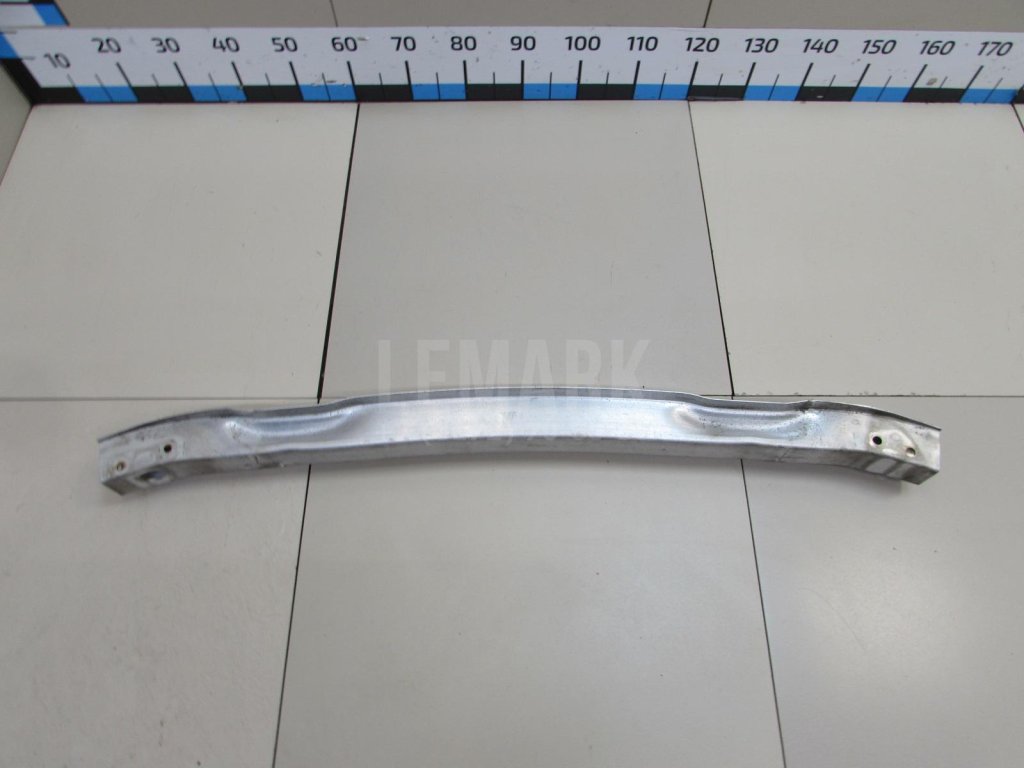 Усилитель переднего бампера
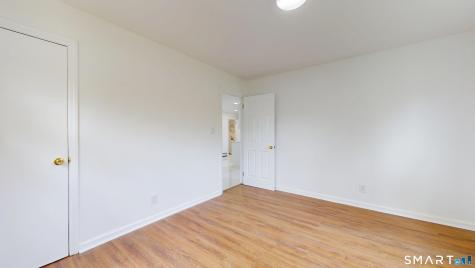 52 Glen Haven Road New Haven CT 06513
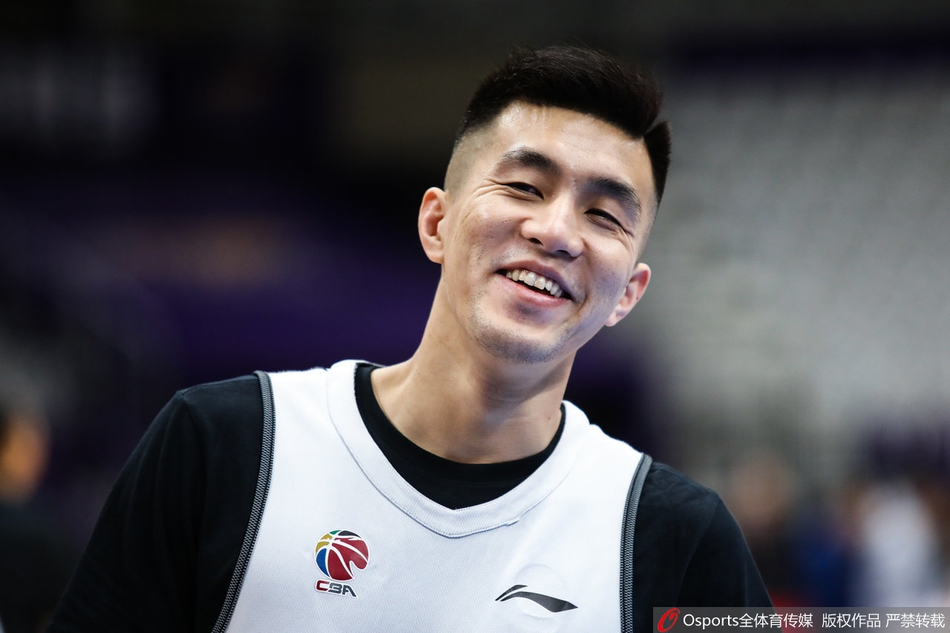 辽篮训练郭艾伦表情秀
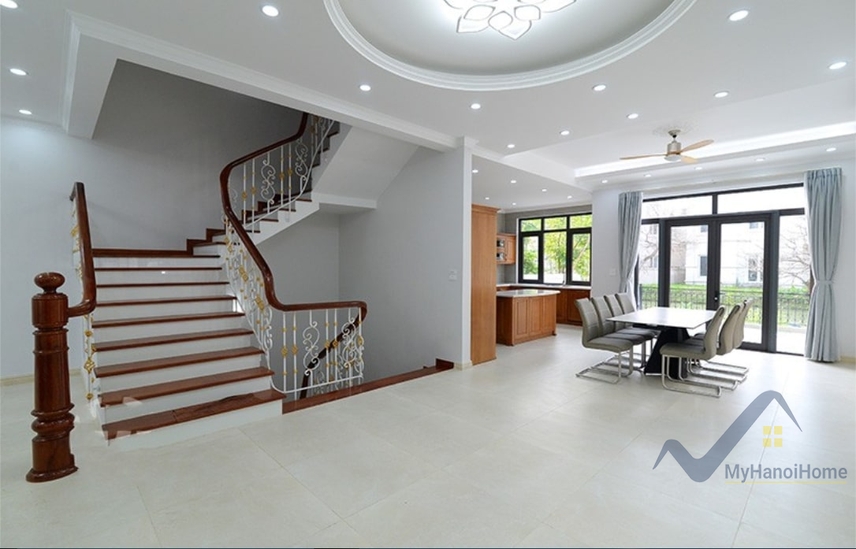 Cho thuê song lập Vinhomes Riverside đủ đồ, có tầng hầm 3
########
• **WORK REQUEST**:
All of the data above must be printed exactly, minus its pictures.

• **TASK OUTPUT**:
 Усилитель переднего бампера
 52 Glen Haven Road New Haven CT 06513
 辽篮训练郭艾伦表情秀
 Cho thuê song lập Vinhomes Riverside đủ đồ, có tầng hầm 3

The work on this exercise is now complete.